Also can you recommend some free general website building software?

Thanks in advance for any help.


----------



## firestormer (Sep 16, 2005)

I prefere phpbb 3 for a forum:
http://www.phpbb.com/

nice and easy to use and very comprehensive.
You need to make sure you have access to an sql database on your server

Not sure about website building software but you might like to look into a CMS (content management system) which will allow you to edit page easily. I quite like website baker as a nice simple one http://start.websitebaker2.org/en/introduction.html
but there are many other cms's out there. Also there is an unofficial module for wb that allows you to integrate phpbb and wb.
Another popular forum is vbulliten, just do a google seach.


----------



## TheRobatron (Oct 25, 2007)

I tried PHPBB 2 on my site, but I now use Invision Power Board. If you're looking for a free forum, PHPBB is good, but IPB is definitely worth the money.
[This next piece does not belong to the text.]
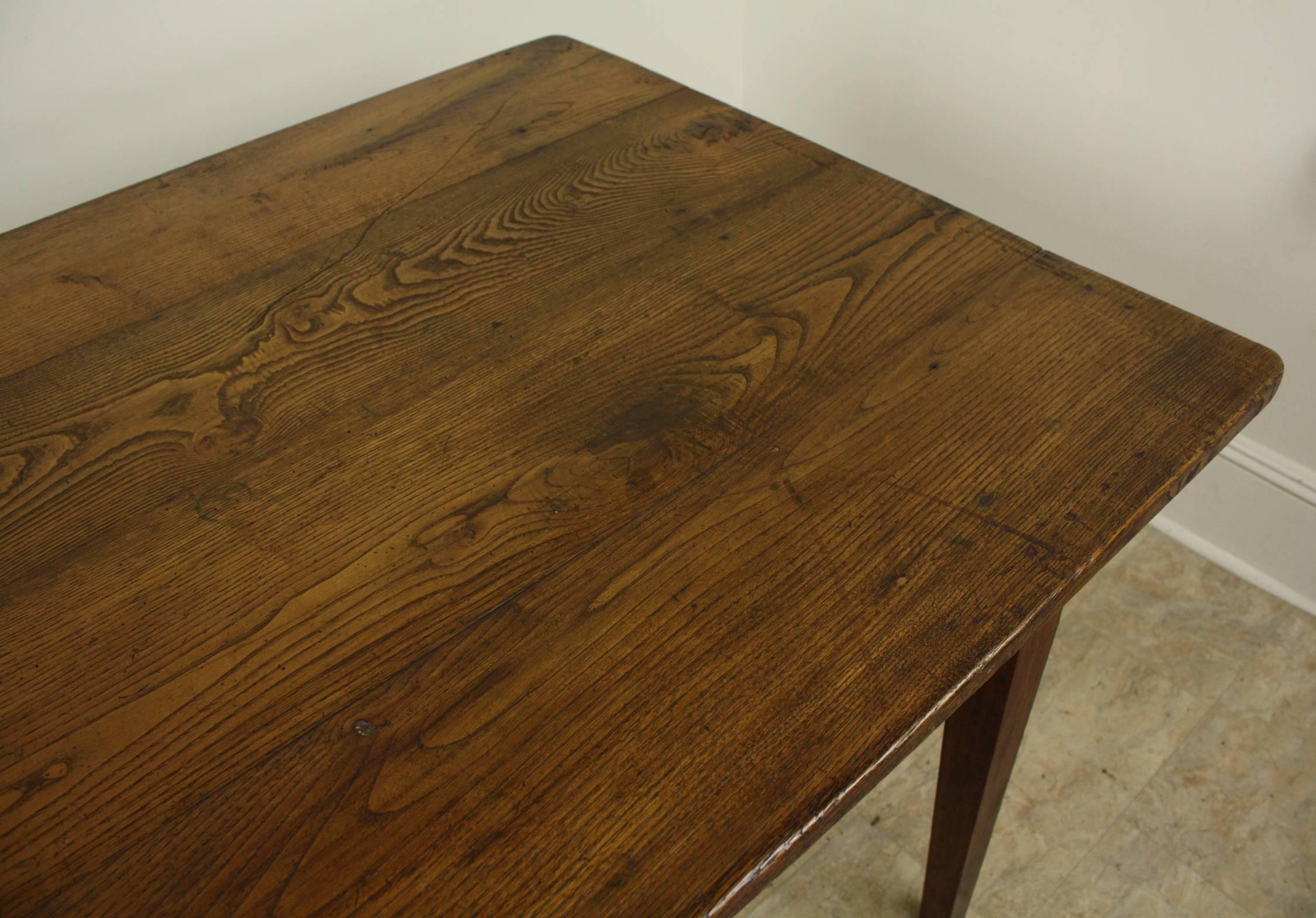 Antique French Farm Table, Chestnut Top and Cherry Base 1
You don't need to make your site 'compatible' with the forum software, but if you want to make the forum look the same as your site you can edit the skin.


----------



## tomdkat (May 6, 2006)

SMF is another free PHP-based forum to consider. I'm also a fan of phpBB. :up:

Peace...


----------



## DotHQ (May 6, 2008)

Any website can have a forum added to it. No design considerations other than using the same or complimenting color schemes. The only drawback to free forum software is once your forum takes off and you decide to upgrade that can be a bit tricky. But for learning the in's and out's of forums free is the way to go.
I prefer VB. All the forums I found that I like to spend time on and were easy to navigate were VB so I became a fan. When I decided to open my own I jumped in with both feet and went straight for VB.
A website totally dedicated to Forum Administration is "The Admin Zone" www.theadminzone.com 
Lots of reviews and pluses and minuses about every kind of forum software out there. You'll also find some new forums and their creator on TAZ. They are there looking for folks to try out their software. You never know which one will be the next VB or IPB (Both are highly successful versions of paid forum software)


----------



## chiliwormeater45 (Jul 2, 2007)

phpBB3 is a really great forum software that is customizable. I like AEF forum better. Another alternative is SMF 

If you want to make your own forum, you will have to learn about a server side language and a database system.


----------



## Squashman (Apr 4, 2003)

I used Ikonboard for a few years. Wasn't that bad. I don't have anything to compare it too. I hear phpBB is one of the better free ones. I have had some experience with Snitz but wouldn't recommend it if you are going to have a lot of traffic to your website.


----------



## chiliwormeater45 (Jul 2, 2007)

Is Snitz customizable and why don't you recommend it for high traffic web sites?


----------



## Squashman (Apr 4, 2003)

chiliwormeater45 said:


> Is Snitz customizable and why don't you recommend it for high traffic web sites?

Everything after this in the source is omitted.